### RECORDED INFORMATION
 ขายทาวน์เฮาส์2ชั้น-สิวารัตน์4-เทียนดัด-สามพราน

* * *

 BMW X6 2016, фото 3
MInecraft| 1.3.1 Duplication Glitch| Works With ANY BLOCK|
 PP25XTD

--

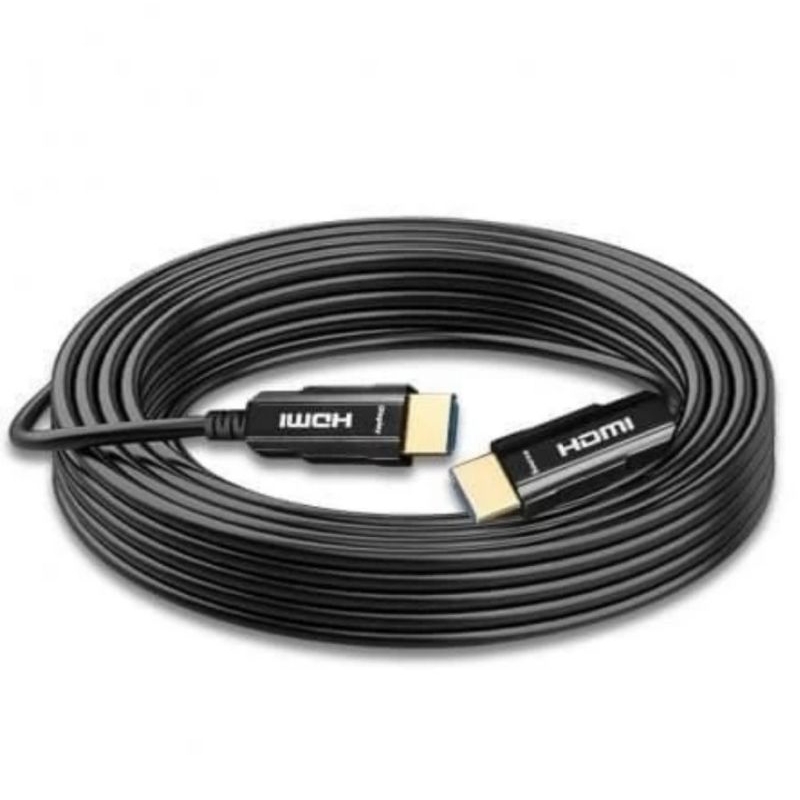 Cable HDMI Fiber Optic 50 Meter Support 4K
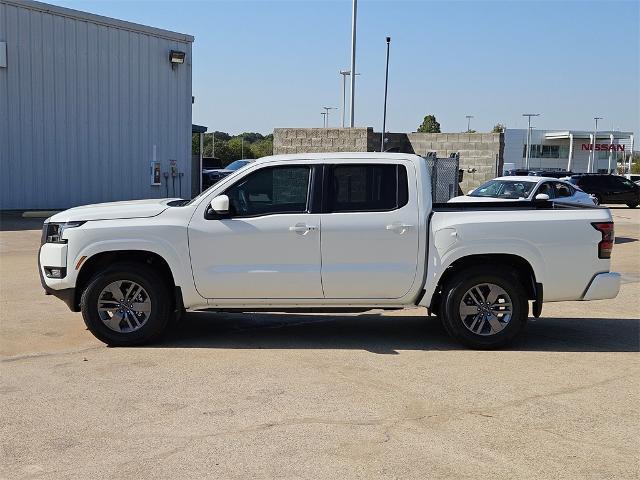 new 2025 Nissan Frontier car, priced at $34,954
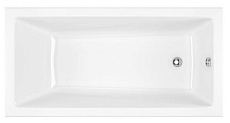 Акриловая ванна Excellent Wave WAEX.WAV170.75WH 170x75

### TASK TO CARRY OUT
Could you repeat, exactly, only the lines above starting at the one that has "new 2025 Nissan" and stopping after the one that has "Акриловая ванна Excellent", without the pictures?

### TASK RESPONSE
 new 2025 Nissan Frontier car, priced at $34,954
 Акриловая ванна Excellent Wave WAEX.WAV170.75WH 170x75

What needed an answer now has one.